[Source records]
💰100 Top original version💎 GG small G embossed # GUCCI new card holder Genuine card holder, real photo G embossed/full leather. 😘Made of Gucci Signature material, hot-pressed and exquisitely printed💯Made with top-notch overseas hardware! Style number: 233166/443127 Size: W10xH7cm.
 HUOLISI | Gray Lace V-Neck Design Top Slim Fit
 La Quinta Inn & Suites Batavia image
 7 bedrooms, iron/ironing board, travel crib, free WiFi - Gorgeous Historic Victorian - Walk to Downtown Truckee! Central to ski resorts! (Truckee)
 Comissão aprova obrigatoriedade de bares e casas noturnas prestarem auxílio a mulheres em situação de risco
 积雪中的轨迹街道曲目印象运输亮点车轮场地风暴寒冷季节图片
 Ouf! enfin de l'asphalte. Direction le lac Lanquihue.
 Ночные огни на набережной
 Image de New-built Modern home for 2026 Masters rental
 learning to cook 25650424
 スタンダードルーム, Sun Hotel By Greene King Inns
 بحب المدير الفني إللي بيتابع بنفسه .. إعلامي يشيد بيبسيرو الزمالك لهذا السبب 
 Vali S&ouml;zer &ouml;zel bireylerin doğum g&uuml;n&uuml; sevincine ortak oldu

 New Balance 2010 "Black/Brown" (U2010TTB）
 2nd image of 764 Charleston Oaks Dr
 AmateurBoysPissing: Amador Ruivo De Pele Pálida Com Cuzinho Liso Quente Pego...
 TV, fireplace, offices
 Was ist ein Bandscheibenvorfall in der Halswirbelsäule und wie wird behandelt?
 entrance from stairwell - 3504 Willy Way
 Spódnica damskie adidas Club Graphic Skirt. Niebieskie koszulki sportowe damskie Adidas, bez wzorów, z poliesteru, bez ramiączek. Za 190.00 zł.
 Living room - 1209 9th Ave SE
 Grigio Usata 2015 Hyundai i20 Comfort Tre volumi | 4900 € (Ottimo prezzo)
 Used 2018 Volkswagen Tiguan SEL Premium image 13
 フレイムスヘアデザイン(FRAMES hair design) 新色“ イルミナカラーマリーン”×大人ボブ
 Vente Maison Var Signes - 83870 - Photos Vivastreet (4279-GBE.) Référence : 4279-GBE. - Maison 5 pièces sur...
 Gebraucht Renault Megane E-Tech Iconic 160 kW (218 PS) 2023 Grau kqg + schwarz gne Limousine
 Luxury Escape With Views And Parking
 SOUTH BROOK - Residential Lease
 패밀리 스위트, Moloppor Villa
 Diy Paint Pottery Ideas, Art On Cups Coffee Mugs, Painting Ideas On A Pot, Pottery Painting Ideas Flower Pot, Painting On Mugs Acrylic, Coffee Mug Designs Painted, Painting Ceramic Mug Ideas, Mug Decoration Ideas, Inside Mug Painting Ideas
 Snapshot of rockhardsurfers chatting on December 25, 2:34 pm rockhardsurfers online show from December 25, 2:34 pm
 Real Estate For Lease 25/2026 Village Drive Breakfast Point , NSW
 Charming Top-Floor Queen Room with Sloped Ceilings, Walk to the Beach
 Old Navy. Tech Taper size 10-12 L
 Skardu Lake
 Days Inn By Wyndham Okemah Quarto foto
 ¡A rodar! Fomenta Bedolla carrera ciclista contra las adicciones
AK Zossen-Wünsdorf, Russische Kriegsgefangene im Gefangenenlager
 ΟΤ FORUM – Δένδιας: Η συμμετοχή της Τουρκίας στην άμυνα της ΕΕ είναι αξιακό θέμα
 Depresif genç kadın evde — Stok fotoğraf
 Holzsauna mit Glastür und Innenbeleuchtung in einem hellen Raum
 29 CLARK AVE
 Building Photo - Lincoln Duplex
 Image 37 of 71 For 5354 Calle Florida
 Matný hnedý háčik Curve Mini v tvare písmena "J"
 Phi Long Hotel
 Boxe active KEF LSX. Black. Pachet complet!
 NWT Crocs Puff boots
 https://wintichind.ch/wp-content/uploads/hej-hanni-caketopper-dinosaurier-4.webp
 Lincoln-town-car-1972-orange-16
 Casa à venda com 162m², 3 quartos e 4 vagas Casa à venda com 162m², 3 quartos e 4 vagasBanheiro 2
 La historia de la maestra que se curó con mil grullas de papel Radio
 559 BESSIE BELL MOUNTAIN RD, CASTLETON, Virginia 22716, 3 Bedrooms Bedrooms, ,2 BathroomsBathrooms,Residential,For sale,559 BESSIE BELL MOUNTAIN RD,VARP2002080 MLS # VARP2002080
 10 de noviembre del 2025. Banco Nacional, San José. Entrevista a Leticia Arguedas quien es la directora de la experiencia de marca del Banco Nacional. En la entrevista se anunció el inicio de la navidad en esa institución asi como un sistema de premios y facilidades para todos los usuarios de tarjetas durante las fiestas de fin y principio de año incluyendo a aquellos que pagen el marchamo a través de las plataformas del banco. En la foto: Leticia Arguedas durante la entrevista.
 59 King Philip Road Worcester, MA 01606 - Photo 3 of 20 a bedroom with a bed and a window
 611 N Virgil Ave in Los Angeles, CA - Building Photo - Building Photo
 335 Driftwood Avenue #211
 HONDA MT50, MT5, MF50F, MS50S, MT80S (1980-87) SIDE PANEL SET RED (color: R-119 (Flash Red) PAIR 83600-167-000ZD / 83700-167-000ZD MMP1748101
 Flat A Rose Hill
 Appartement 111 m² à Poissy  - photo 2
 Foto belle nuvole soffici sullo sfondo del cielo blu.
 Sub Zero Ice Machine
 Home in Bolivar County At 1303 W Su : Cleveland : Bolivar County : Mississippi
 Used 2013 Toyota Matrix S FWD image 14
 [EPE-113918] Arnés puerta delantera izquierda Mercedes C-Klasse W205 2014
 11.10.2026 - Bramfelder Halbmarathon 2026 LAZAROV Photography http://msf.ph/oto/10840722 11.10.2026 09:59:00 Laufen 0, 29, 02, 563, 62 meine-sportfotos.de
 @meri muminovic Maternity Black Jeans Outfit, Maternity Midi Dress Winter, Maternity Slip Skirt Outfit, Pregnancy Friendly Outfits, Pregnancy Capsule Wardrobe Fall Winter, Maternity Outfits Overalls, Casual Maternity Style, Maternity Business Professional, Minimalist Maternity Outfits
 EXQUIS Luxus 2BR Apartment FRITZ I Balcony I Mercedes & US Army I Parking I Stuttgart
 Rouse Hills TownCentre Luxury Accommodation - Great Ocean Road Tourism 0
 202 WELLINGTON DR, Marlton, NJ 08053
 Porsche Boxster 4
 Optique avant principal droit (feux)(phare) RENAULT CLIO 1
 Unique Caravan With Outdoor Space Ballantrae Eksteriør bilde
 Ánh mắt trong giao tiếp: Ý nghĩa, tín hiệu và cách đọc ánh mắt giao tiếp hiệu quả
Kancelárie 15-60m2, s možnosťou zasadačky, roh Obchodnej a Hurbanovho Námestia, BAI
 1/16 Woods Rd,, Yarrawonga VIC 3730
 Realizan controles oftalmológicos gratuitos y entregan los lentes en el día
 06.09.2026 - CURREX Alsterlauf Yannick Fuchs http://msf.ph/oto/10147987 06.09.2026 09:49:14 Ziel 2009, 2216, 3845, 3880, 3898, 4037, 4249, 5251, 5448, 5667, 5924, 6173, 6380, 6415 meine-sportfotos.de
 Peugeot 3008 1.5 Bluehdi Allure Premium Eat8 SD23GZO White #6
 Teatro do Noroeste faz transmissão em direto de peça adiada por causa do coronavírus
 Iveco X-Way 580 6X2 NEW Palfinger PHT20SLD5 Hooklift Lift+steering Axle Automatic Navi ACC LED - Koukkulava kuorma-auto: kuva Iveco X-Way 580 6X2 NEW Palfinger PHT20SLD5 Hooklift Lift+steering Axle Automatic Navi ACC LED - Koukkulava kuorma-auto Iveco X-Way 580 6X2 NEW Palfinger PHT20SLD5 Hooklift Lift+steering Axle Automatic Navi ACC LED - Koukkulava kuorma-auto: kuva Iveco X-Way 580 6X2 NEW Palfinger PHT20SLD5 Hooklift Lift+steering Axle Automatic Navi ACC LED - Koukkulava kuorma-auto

Problem description:
Take the lines above from the one containing "Optique avant principal" down to the one containing "Realizan controles oftalmológicos", and transcribe them exactly, both ends included.

Written answer:
 Optique avant principal droit (feux)(phare) RENAULT CLIO 1
 Unique Caravan With Outdoor Space Ballantrae Eksteriør bilde
 Ánh mắt trong giao tiếp: Ý nghĩa, tín hiệu và cách đọc ánh mắt giao tiếp hiệu quả
Kancelárie 15-60m2, s možnosťou zasadačky, roh Obchodnej a Hurbanovho Námestia, BAI
 1/16 Woods Rd,, Yarrawonga VIC 3730
 Realizan controles oftalmológicos gratuitos y entregan los lentes en el día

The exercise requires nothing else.